---------- Task input ----------

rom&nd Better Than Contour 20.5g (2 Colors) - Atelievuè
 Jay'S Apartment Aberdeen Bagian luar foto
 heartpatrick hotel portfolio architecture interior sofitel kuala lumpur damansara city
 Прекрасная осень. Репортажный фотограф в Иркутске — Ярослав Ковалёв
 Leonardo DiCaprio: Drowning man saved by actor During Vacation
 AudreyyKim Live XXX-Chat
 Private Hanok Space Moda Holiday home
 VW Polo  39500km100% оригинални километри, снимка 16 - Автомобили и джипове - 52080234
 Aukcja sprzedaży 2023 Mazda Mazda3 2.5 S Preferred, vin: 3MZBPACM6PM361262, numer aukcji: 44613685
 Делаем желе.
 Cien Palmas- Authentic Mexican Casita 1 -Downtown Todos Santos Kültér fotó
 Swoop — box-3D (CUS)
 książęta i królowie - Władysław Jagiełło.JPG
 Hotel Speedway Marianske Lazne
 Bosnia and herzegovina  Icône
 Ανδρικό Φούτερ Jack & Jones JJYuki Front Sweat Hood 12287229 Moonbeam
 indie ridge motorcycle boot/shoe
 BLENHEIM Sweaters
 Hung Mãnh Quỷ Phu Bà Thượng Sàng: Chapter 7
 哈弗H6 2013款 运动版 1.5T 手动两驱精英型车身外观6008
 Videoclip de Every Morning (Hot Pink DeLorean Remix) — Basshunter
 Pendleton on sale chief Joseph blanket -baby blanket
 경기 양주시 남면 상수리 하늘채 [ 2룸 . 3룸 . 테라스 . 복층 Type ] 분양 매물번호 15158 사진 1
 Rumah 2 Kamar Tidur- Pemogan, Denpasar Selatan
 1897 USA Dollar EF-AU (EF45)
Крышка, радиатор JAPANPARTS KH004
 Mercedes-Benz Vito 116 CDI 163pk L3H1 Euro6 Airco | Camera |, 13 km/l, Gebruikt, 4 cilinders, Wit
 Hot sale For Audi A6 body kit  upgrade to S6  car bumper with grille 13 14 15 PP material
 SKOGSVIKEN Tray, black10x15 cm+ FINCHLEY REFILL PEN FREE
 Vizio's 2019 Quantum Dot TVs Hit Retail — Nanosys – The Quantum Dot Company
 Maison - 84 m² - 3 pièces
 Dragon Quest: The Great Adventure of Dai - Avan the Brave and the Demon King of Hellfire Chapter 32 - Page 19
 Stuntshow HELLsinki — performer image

----------

Give back the entries exactly. Omit none of them.

rom&nd Better Than Contour 20.5g (2 Colors) - Atelievuè
 Jay'S Apartment Aberdeen Bagian luar foto
 heartpatrick hotel portfolio architecture interior sofitel kuala lumpur damansara city
 Прекрасная осень. Репортажный фотограф в Иркутске — Ярослав Ковалёв
 Leonardo DiCaprio: Drowning man saved by actor During Vacation
 AudreyyKim Live XXX-Chat
 Private Hanok Space Moda Holiday home
 VW Polo  39500km100% оригинални километри, снимка 16 - Автомобили и джипове - 52080234
 Aukcja sprzedaży 2023 Mazda Mazda3 2.5 S Preferred, vin: 3MZBPACM6PM361262, numer aukcji: 44613685
 Делаем желе.
 Cien Palmas- Authentic Mexican Casita 1 -Downtown Todos Santos Kültér fotó
 Swoop — box-3D (CUS)
 książęta i królowie - Władysław Jagiełło.JPG
 Hotel Speedway Marianske Lazne
 Bosnia and herzegovina  Icône
 Ανδρικό Φούτερ Jack & Jones JJYuki Front Sweat Hood 12287229 Moonbeam
 indie ridge motorcycle boot/shoe
 BLENHEIM Sweaters
 Hung Mãnh Quỷ Phu Bà Thượng Sàng: Chapter 7
 哈弗H6 2013款 运动版 1.5T 手动两驱精英型车身外观6008
 Videoclip de Every Morning (Hot Pink DeLorean Remix) — Basshunter
 Pendleton on sale chief Joseph blanket -baby blanket
 경기 양주시 남면 상수리 하늘채 [ 2룸 . 3룸 . 테라스 . 복층 Type ] 분양 매물번호 15158 사진 1
 Rumah 2 Kamar Tidur- Pemogan, Denpasar Selatan
 1897 USA Dollar EF-AU (EF45)
Крышка, радиатор JAPANPARTS KH004
 Mercedes-Benz Vito 116 CDI 163pk L3H1 Euro6 Airco | Camera |, 13 km/l, Gebruikt, 4 cilinders, Wit
 Hot sale For Audi A6 body kit  upgrade to S6  car bumper with grille 13 14 15 PP material
 SKOGSVIKEN Tray, black10x15 cm+ FINCHLEY REFILL PEN FREE
 Vizio's 2019 Quantum Dot TVs Hit Retail — Nanosys – The Quantum Dot Company
 Maison - 84 m² - 3 pièces
 Dragon Quest: The Great Adventure of Dai - Avan the Brave and the Demon King of Hellfire Chapter 32 - Page 19
 Stuntshow HELLsinki — performer image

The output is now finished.